It would be difficult to choose a more striking example of reflex action than the contraction of the iris of the eye under the stimulus of light;214 and to ordinary men, having no link established which would guide them, it is utterly impossible to close the iris by any effort. It would be not less impossible to the hungry child to get on the chair and reach the food on the table, until that child had learned how to do so. Yet there are men who have learned how to contract the iris. The celebrated Fontana had this power; which is possessed also by a medical man now living at Kilmarnock—Dr. Paxton—a fact authenticated by no less a person than Dr. Allen Thomson.215 Dr. Paxton can contract or expand the iris at will, without changing the position of his eye, and without an effort of adaptation to distance.
To move the ears is impossible to most men. Yet some do it with ease, and all could learn to do it. Some men have learned to “ruminate” their food; others to vomit with ease; and some are said to have the power of perspiring at will.216 Now, if once we recognize a link of sensation and motion, we recognize a possible source of control; and if the daily needs of life were such that to fulfil some purpose the action of the heart required control, we should learn to control it. Some men have, without such needs, learned how to control it. The eminent physiologist, E. F. Weber of Leipzig, found that420 he could completely check the beating of his heart. By suspending his breath and violently contracting his chest, he could retard the pulsations; and after three or five beats, unaccompanied by any of the usual sounds, it was completely still. On one occasion he carried the experiment too far, and fell into a syncope. Cheyne, in the last century, recorded the case of a patient of his own who could at will suspend the beating of his pulse, and always fainted when he did so.

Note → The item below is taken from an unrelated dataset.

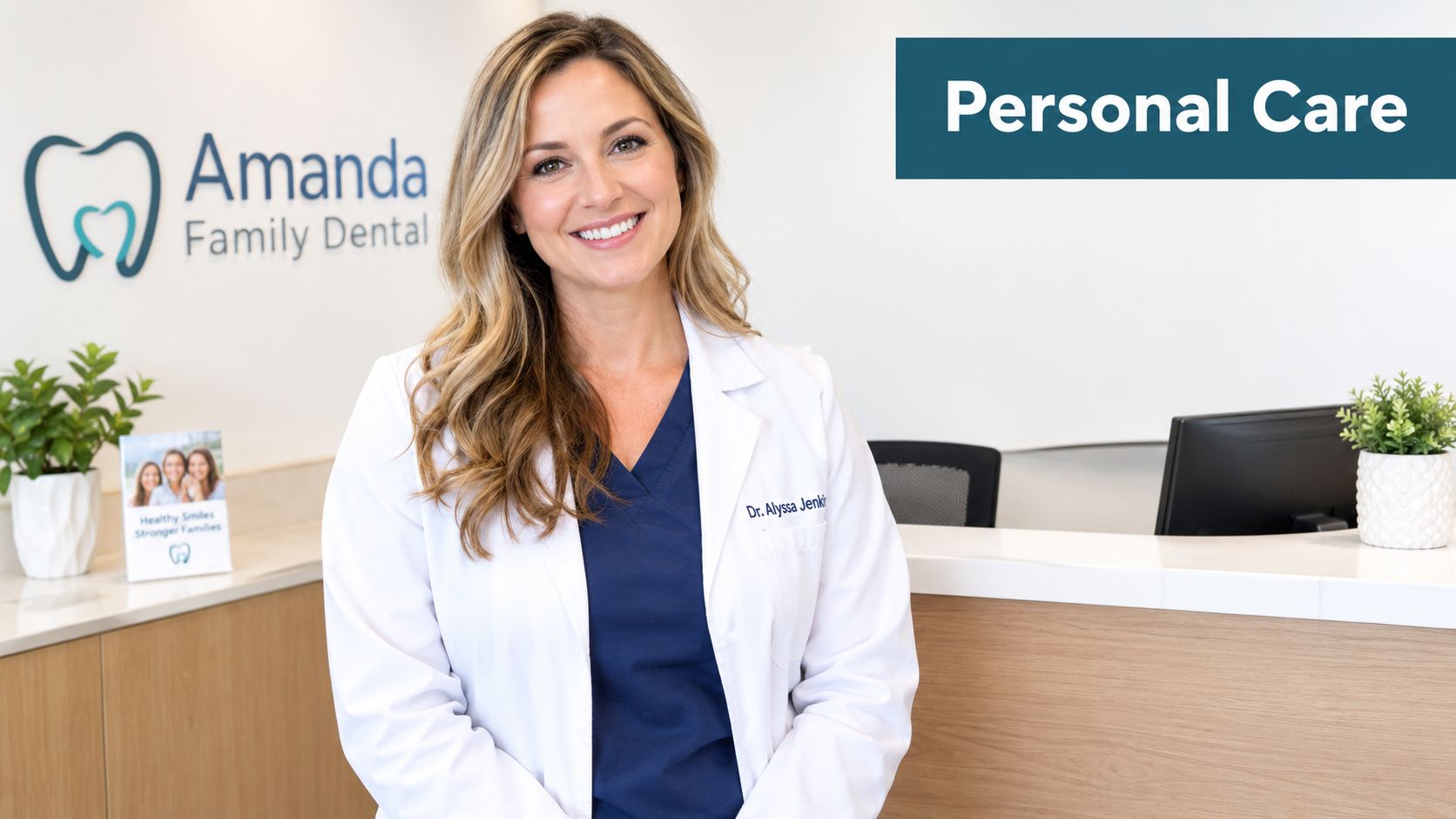 A smiling female dentist wearing a white lab coat standing in a bright, modern dental office reception area.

65. It thus appears that even the actions which most distinctly bear the character recognized as involuntary—uncontrollable—are only so because the ordinary processes of life furnish no necessity for their control. We do not learn to control them, though we could do so, to some extent; nor do we learn to control the motions of our ears, although we could do so. And while it appears that the involuntary actions can become voluntary, it is familiar to all that the voluntary actions tend, by constant repetition, to become involuntary. Thus involuntary actions, under certain limitations, may be controlled; on the other hand, the voluntary are incapable of being controlled under the urgency of direct stimulation. Both are reflexes.
Inasmuch as almost all actions are the products of stimulated nerve-centres, it is obvious that these actions are reflex—reflected from those centres. It matters not whether I wink because a sensation of dryness, or because an idea of danger, causes the eyelid to close: the act is equally reflex. The nerve-centre which supplies the eyelid with its nerve has been stimulated; the stimuli may be various, the act is uniform. At one time the stimulus is a sensation of dryness, at another an idea of danger, at another the idea of communicating by means of a wink with some one present; in each case the stimulus is reflected in a muscular contraction. Sensations421 excite other sensations; ideas excite other ideas; and one of these ideas may issue in an action of control. But the restraining power is limited, and cannot resist a certain degree of urgency in the original stimulus. I can, for a time, restrain the act of winking, in spite of the sensation of dryness; but the reflex which sets going this restraining action will only last a few seconds; after which, the urgency of the external stimulus is stronger than that of the reflex feeling—the sensation of dryness is more imperious than the idea of resistance—and the eyelid drops.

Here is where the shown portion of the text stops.